60-year-old called a ‘pensioner’ was victim of discrimination and unfair dismissal

 A geophysicist has been awarded £340,000 for unfair dismissal, age discrimination, victimisation, and breach of contract after his boss referred to him as a “pensioner” and added: “We need to find a way to take him out,” an employment tribunal has ruled. 

The Reading Tribunal found that geoscience company Petro Trace discriminated against Mr Gregory because of his age, and that he was treated less favourably than comparators when he was chosen for dismissal. In addition, the company tried to replace him with “younger and more active experts”. Judge Matthews did not accept Petro Trace’s argument that the primary reason for Gregory’s dismissal was capability, because other managers had no issues with his work and the performance issues were only brought up after Gregory made allegations of discrimination. In addition, Matthews determined that Petro Trace was unable to prove that redundancy was not the primary cause of Gregory’s departure and that capability or another possibly legitimate reason was not the main one. As a result, Gregory’s claims of unfair dismissal were successful. 

According to Judge Matthews, even though Petro Trace was concerned about its financial stability, “there were no serious attempts to enter a redundancy or restructuring process”. They also stated that Petro Trace considered other people to replace Gregory, which is not “consistent with a diminution” in the need for personnel to carry out work of the type that Gregory was carrying out. 

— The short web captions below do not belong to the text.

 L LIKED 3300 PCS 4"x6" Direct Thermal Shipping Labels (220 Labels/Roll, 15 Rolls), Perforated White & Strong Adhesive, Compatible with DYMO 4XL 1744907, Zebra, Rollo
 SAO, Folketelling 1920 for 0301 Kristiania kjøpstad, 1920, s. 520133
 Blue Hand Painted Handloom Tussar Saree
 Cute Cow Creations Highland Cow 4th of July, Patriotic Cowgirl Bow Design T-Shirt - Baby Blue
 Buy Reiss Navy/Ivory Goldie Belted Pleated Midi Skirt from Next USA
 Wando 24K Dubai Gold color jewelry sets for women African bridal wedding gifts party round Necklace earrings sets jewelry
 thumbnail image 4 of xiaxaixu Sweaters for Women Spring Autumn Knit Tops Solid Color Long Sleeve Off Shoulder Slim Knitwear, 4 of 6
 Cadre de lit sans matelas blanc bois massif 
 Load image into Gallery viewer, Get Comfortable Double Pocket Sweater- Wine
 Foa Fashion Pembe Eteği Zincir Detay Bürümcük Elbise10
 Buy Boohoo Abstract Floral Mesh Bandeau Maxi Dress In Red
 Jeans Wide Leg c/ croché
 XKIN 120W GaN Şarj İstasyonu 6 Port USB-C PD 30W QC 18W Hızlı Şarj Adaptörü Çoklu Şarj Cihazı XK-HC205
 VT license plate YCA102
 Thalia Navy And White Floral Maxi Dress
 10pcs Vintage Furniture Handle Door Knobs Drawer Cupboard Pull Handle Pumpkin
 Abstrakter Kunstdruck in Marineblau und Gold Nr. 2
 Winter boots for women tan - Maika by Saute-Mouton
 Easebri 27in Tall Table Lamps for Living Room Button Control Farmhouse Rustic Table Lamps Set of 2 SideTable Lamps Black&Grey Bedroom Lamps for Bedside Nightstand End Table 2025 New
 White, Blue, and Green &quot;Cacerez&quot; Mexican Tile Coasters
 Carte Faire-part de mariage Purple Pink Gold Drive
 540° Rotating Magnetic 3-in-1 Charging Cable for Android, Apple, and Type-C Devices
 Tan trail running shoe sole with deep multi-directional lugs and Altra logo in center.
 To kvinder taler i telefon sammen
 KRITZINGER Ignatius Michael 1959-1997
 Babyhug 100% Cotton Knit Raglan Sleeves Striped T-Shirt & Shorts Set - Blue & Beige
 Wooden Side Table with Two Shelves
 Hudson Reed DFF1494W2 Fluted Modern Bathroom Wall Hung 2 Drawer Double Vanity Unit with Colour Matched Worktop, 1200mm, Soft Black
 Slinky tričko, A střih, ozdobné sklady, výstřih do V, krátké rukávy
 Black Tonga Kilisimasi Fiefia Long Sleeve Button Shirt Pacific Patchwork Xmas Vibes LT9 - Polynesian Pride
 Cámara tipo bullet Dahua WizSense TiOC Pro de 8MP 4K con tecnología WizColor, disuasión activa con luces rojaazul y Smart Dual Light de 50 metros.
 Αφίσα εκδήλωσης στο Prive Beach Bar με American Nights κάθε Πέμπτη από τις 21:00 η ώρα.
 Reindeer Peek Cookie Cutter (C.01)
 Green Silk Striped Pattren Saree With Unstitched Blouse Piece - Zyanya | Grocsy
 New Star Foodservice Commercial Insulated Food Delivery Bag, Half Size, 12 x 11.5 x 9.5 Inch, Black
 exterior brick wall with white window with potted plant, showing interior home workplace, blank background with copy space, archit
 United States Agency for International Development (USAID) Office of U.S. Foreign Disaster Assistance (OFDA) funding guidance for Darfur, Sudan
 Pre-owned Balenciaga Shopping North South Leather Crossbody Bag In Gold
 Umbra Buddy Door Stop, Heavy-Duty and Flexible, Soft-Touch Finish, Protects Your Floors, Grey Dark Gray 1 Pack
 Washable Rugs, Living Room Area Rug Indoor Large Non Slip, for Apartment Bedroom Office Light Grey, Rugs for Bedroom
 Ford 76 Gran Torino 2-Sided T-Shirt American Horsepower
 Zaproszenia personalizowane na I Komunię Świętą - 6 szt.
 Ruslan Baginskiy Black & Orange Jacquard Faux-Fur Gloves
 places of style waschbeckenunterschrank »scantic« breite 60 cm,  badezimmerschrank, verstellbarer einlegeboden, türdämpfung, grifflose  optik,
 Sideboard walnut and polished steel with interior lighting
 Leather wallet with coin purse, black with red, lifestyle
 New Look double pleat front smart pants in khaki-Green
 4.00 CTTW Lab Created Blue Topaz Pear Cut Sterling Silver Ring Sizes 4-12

Furthermore, Judge Matthews deemed an email containing the comments that Gregory was “over 60 years old” and not a “young person” but a “pensioner” to be “inherently discriminatory”.

Gregory was awarded a basic fee of £3,264, followed by an award of financial loss of £147,853. 

He was then awarded £20,000 in respect to injury to feelings – including the “long-term effect on his confidence” – and an ACAS uplift of 25 per cent, amounting to £42,779.25. An interest rate of 8 per cent was then applied on past loss and injury to feelings, amounting to £7,477.22. This was followed by a gross-up fee of £118,839.33. Consequently, Petro Trace was ordered to pay him a total of £340,212.80.

This case is a good reminder that a tribunal will not simply accept the respondent’s reasoning for dismissal at face value but will carefully analyse the underlying reason. 

It is important to take advice at an early stage and follow a fair procedure. Businesses cannot just decide not to follow the ACAS code because it does not suit them.